People are always shocked that I don’t dance when Second Position, my debut novel, is all about ballet dancers. ‘Aren’t you supposed to write what you know?’ I’m frequently asked.

Well, yes. You should definitely write what you know. And prior to writing Second Position, I didn’t know Odette from Odile (spoiler alert for the White Swan/Black Swan Princesses in Swan Lake). But I did know a little bit about the shape of grief, falling in love with best friends, and recovering from mental illness. And all of those pieces came together in the book.

But the best part of writing a dance book when I myself am not a dancer? The research. I gained so much respect for dancers as both athletes and artists. They push their bodies to the max, every single day, and they retain an immeasurable curiosity for the way our bodies and music can say things words cannot. Also, the research was visually appealing, no matter which way you swing. Dancers are gorgeous. I’ve never had so much fun on Pinterest!

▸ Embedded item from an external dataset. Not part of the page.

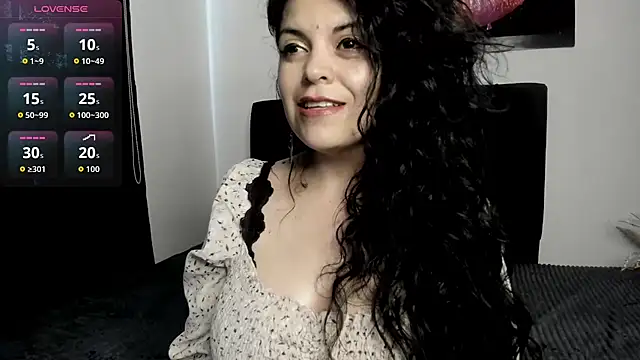 scarlett w0lf online show from June 14, 2026, 5:37 pm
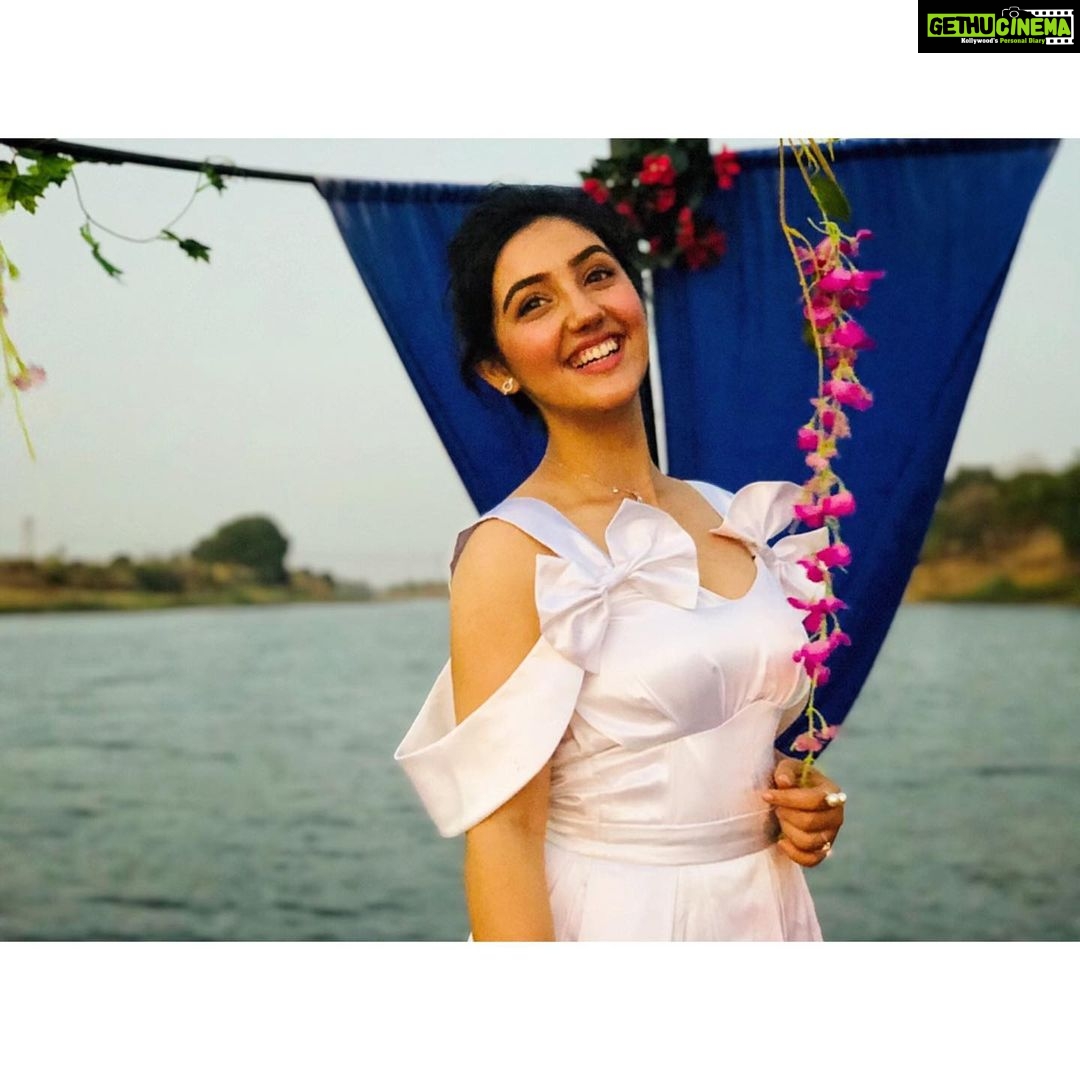 Ashnoor Kaur Instagram - हवाओं में बहेंगे घटाओं में रहेंगे तू बरखा मेरी मैं तेरा बादल पिया❤️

Beyond just looking at pictures of gorgeous dancers, I watched documentaries like First Position, Ballerina, and the wonderful AOL Originals series on youtube city.ballet about the New York City Ballet. I also interviewed former and current ballet dancers at all levels, watched classes, and lurked in the ballet communities online, including Tumblr and Facebook.

All the while, I wanted to make sure that Second Position was accessible to the non-dancer. While I hope dancers enjoy the book, I also hope that even if you’ve never seen a ballet, you like and enjoy the book. Dance is about telling a story and all dancers will tell you that the audience is not just witnessing the story, they are also a part of it.

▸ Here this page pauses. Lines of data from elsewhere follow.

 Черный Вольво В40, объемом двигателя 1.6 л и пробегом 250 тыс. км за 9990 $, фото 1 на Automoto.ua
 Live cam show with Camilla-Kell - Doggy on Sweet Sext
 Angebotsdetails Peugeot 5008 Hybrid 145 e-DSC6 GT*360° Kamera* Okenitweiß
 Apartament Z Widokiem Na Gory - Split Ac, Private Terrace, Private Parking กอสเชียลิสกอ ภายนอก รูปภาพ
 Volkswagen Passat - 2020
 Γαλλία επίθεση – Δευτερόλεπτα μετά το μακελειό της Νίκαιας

And so is the reader when they read the book. The book itself without a reader is just a bunch of data floating around. With a reader, a book takes on a life and with each reader, its life and its telling is slightly different.

Some readers might relate to different plot points than others, for instance. In the book, Zed is no longer dancing and he needed to find something else he loved as much as he loved ballet and Aly. What new hobbies, sports, or adventures have you started ‘later in life’?

Happy reading!

Katherine Locke lives and writes in Philadelphia, Pennsylvania, where she’s ruled by her feline overlords and her addiction to chai lattes. Her dayjobs always vary, but in the past she’s worked in nuclear weapons abolition activism, lead poisoning prevention and education, and food safety programs at a mushroom farm. When she’s not writing, she’s reading, and when she’s not reading, she’s tweeting about reading and writing. She secretly believes most books are fairytales in disguise. Her debut novel, SECOND POSITION, arrives in April 2015 from Carina Press.

You can find her online at @bibliogato on Twitter and

9781426899706Four years ago, a car accident ended Zedekiah Harrow’s ballet career and sent Philadelphia Ballet principal dancer Alyona Miller spinning toward the breakdown that suspended her own. What they lost on the side of the road that day can never be replaced, and grief is always harshest under a spotlight.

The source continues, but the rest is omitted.